Esa narración tiene su contrapunto en la animación. De la misma manera que el diálogo desparece en favor de una (auto)narración y de unos gestos, las formas apuestan todo a la plasticidad de sus formas. Sin línea, construidas desde las formas de colores planos. Este estilo, entre lo ingenuo y lo sencillo, esconde las contradicciones y respuestas que esconde la cinta: por un lado, recuperar cierta tradición de animación y el cómic infantil y, por otro, navega aguas puramente pictóricas (impresionismo, expresionismo, fauvismo).

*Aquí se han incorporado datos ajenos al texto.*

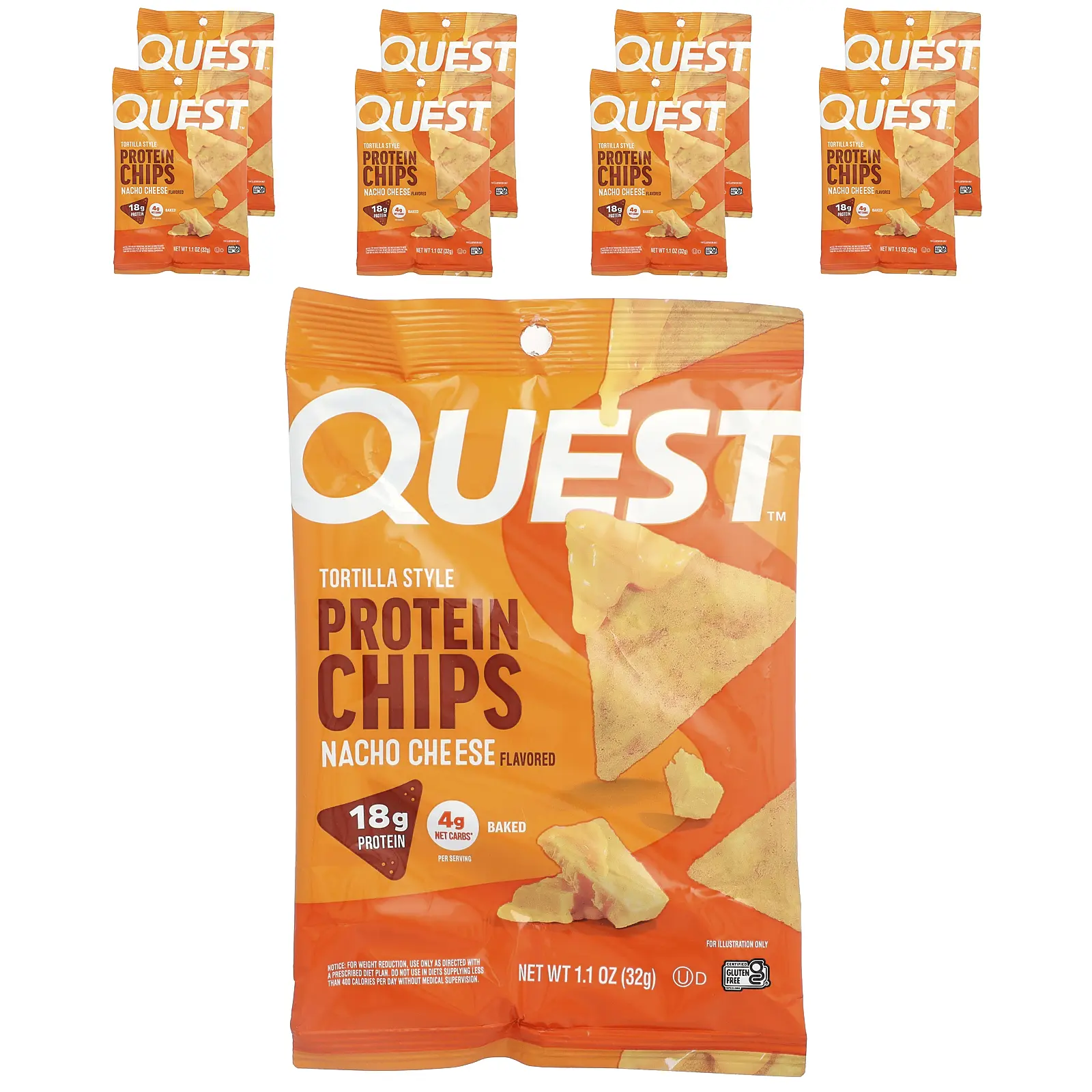 Quest Nutrition Tortilla Style Protein Chips, Nacho Cheese, 8 Bags, 1.1 oz (32 g ) Each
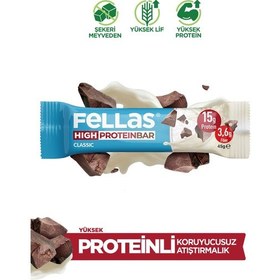 Resim Fellas Yüksek Protein Bar Klasik Sade 45 G x 12 Adet 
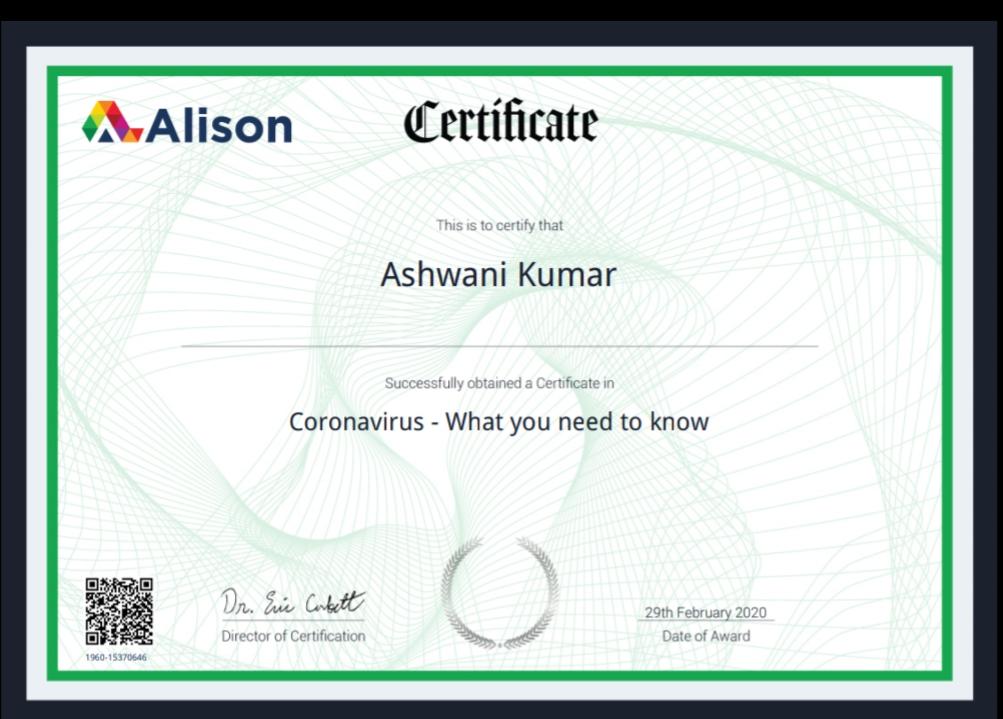 Done Online Study on Coronavirus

Una película esencialmente sobre ponerse en el lugar del otro, de valorarle, de entender su inteligencia y no menospreciar su experiencias vitales; sobre la comunicación y sus obstáculos. Una fábula sobre la complejidad de los cuentos, de los cuentos infantiles, de los cuentos adultos; sobre la complejidad de la vida y de sus experiencias. Una autoficción audiovisual en el más puro de los sentidos, donde su esencia queda reducida al mínimo: las acciones del yo (gestos) y las narraciones del yo (voz en off). Y por el camino nos recuerda que otro cine infantil es posible, que otra animación es posible, que los otros son posibles.